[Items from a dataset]

*** Block opens ***

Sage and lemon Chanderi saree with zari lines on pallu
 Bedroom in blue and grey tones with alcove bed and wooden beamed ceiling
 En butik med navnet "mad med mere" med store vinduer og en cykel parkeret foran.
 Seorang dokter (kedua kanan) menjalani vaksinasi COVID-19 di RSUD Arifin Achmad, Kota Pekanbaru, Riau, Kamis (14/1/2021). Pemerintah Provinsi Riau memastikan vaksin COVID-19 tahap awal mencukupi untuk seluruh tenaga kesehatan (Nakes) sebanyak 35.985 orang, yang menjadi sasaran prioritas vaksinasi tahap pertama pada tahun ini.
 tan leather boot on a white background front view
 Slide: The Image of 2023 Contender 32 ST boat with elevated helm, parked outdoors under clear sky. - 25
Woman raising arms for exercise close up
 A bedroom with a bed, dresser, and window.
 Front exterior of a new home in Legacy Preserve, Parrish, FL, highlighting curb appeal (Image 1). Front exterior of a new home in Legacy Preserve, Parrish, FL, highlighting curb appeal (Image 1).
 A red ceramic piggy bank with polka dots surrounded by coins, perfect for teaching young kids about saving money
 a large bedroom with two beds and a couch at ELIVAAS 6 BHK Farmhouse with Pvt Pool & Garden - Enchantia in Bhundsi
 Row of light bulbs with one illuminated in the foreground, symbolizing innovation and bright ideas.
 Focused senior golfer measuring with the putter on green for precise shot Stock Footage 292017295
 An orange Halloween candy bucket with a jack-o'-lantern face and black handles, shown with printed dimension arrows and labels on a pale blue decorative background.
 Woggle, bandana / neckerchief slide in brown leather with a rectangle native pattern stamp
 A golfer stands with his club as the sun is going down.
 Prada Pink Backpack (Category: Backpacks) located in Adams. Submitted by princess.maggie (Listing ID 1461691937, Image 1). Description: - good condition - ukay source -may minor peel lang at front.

*** Block closes ***

= Your instructions =
Please return the lines above exactly, from the first one down to the line with "tan leather boot", and stop after that line.

= Answer space =
Sage and lemon Chanderi saree with zari lines on pallu
 Bedroom in blue and grey tones with alcove bed and wooden beamed ceiling
 En butik med navnet "mad med mere" med store vinduer og en cykel parkeret foran.
 Seorang dokter (kedua kanan) menjalani vaksinasi COVID-19 di RSUD Arifin Achmad, Kota Pekanbaru, Riau, Kamis (14/1/2021). Pemerintah Provinsi Riau memastikan vaksin COVID-19 tahap awal mencukupi untuk seluruh tenaga kesehatan (Nakes) sebanyak 35.985 orang, yang menjadi sasaran prioritas vaksinasi tahap pertama pada tahun ini.
 tan leather boot on a white background front view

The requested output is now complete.